Frankly, it’s a misuse of timers to create a Timer to run now with absolutely no delay. And whether or not you call it a bug, there’s no way to prevent it. createTimer creates a Timer Object and passes it to the Quartz timer library. In a separate thread the Quartz timer creates a schedule for when to execute the passed in lambda. The execution of the lambda occurs in a separate thread. Thus, Quartz starts executing the lambda even before the call to createTimer returns.

Because we don’t really have access to creating our own threads in Rules DSL, and we shouldn’t be creating our own threads in Rules anyway, we are misusing Timers to create a separate tread in this case.

:laughing:

I’ve mentioned it before and I’ll mention it again. A whole lot of time is being spent to work around limitations of the Rules DSL here. Personally, I think this time would be better spent working with Scripted Automation where:

  • the timing problems go away because only one instance of a Rule can run at the same time eliminating the race condtion
  • this DP is already written and tested and can be used as a simple library call
  • as time passes, Rules DSL is going to slowly become less and less popular as more users come on using NGRE with Python or JavaScript or JSONDB stored Rules first

A couple of things stand out.

  • the error is indeed coming from the Timer’s lambda, I can see that with the Procedures$Procedure0 in the first line of the error
  • it’s definitely coming from the else clause which I can see by the XIfExpressionImpl...(conditionalExpression: false) (I only mention these two parts for general interest in learning to interpret exceptions from Rules)
  • null errors are often misleading; I don’t think that’s the case here but in general, a null error often indicates a type error and the variable isn’t actually null, the engine just couldn’t coerce the Object to a type that makes sense for the operation.

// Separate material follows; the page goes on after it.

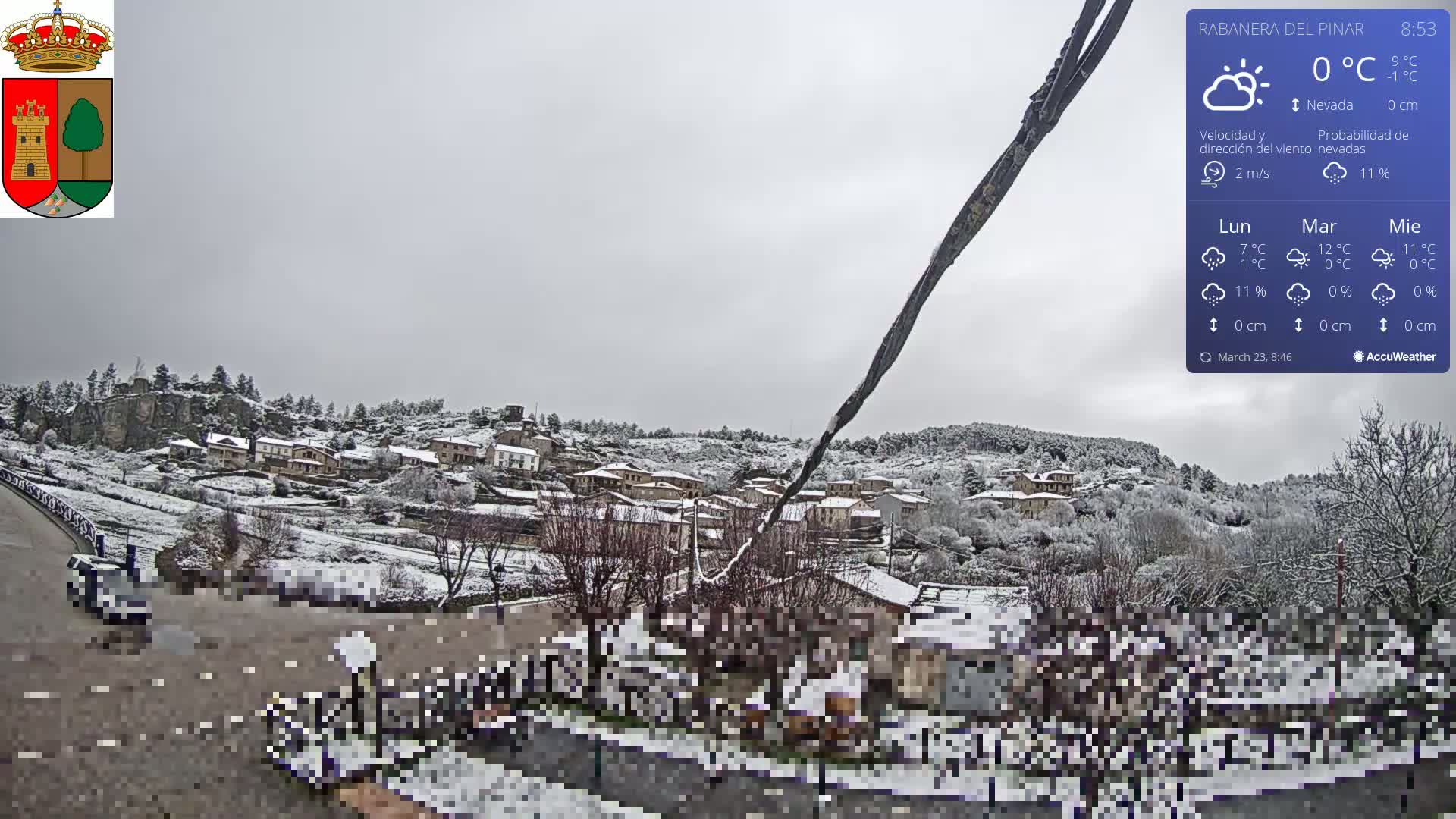 A snow-covered village sits on a hillside under a gray, overcast sky.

The key takeaway from this is that it’s possible that the problem is with the argument passed to reschedule().

I agree with rossko57 that it seems unlikely that you would get through that many lines of code before the call to createTimer returned. But so far that seems the be the most likely explanation despite the bullet points above. You could confirm this by adding a log statement immediately before and immediately after the call to createTimer. If you see the logs from inside the Timer’s lambda before the statement after the call to createTimer you will know with some degree of certainty that the lambda is successfully executing before the call to createTimer returns.

Ultimately the solution will be the same, schedule the timer to at least a little bit into the future to ensure that the call to createTimer returns before the lambda runs.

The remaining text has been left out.